Dear me, no, that would have been a catastrophic mistake, mainly because it could well have resulted in my house being burnt down, with me and the family inside it, whereas the relatively mild version I filed (see http://www.keithhann-whyohwhy.com/2009/07/daring-to-be-rude-about-nhs.html) should lead to no more than a few windows being "put through", as they say in the North East.

(Memo to Theresa May: if you truly believe that the Tories are "the nasty party", may I respectfully suggest that you have not spent nearly enough time in the company of Labour party members in Northumberland and, more particularly, Durham).

I mentioned in the piece that the only other institution which seems to be exempt from the prevailing culture of systematic disrespect is the Muslim religion. Let’s just hope, from the viewpoint of my personal Elfin Safety, that next week’s client request is not for a column about why Islam is Bad and Wrong.

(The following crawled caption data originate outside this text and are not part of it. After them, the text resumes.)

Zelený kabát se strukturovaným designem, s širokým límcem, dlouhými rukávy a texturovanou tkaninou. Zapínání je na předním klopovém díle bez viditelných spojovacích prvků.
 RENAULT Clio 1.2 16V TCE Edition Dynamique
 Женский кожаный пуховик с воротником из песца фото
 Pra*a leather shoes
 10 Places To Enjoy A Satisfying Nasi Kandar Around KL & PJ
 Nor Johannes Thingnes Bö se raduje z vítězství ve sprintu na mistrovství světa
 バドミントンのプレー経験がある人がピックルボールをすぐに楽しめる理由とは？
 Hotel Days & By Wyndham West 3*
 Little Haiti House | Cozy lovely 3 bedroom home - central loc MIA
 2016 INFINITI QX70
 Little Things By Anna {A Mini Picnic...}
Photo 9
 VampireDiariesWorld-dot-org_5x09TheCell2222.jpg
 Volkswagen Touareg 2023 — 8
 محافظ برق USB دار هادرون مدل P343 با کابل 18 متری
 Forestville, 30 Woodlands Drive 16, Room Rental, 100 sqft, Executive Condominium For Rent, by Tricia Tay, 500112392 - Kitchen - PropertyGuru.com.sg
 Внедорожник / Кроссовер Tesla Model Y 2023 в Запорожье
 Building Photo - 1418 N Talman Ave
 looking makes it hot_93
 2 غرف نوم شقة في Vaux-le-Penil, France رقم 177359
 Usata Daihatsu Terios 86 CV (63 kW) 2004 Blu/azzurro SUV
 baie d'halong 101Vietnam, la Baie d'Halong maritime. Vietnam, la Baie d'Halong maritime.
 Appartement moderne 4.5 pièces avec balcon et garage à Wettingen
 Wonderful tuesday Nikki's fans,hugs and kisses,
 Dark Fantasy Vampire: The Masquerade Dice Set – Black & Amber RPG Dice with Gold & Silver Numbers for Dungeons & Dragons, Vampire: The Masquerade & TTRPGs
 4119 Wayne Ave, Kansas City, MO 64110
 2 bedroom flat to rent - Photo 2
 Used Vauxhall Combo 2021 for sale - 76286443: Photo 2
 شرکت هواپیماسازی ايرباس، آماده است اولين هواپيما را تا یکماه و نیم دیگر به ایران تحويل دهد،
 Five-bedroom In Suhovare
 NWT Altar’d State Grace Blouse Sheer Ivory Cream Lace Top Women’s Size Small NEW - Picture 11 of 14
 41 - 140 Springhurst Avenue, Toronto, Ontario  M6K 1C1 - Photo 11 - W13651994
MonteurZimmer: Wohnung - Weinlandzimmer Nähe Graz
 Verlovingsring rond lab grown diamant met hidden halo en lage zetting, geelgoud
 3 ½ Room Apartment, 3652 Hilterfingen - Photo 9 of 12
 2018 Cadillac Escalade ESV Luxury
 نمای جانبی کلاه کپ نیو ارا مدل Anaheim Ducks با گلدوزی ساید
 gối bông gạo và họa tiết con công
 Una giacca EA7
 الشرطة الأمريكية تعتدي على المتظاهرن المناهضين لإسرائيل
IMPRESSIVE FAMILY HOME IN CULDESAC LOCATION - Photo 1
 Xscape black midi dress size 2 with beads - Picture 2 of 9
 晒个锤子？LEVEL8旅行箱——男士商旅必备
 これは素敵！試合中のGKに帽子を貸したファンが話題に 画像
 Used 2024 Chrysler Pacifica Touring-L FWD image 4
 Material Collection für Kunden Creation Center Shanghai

I relaxed this evening by eating a delicious salad while watching David Platt go mad on Coronation Street and pelt his love rival Jason “Two Planks” Grimshaw with various plumbers’ requisites and bricks. If only real life could be as satisfyingly dramatic as this. But after having half watched one of those “real crimes” documentaries about an ‘orrible murder in Southampton, and applied slightly more focus to the ten o’clock news, I took The Dog for a walk near my temporary quarters in Chester and found all peaceful and quiet, apart from the church clock striking 11. The local garage, the Chinese takeaway and even the pub were all dark and closed. Only a pair of scratters on duty outside the filling station, with a pit bull terrier on a chain, added a promising note of menace, but our passing failed to provoke them from their torpor. Perhaps, like the guards outside Buckingham Palace, they have been trained to ignore disobliging looks or comments from passers-by.

Sunday 5 July 2009

Reckless greed and inexcusable rudeness, just as usual

14st 10lb, 6.0 units. Wax earplugs may be the way forward, as I claimed the other day, but they did not prevent me from being disturbed every three hours last night, as Mrs H heaved herself out of bed to attend to The Baby, and half an hour afterwards as she clambered back. My inability to sleep through this might have had something to do with the fact that I was suffering from the worst indigestion I have experienced in months, despite having eaten nothing more exotic than a ham sandwich for supper. Then, as God’s pièce de resistance in a thoroughly unrefreshing night, he plunged me into a series of vivid dreams about my long-dead mother, for which I could detect no reason at all, let alone a rhyme. I wished I had chosen a cheese sandwich the previous evening, which would at least have given me something to blame.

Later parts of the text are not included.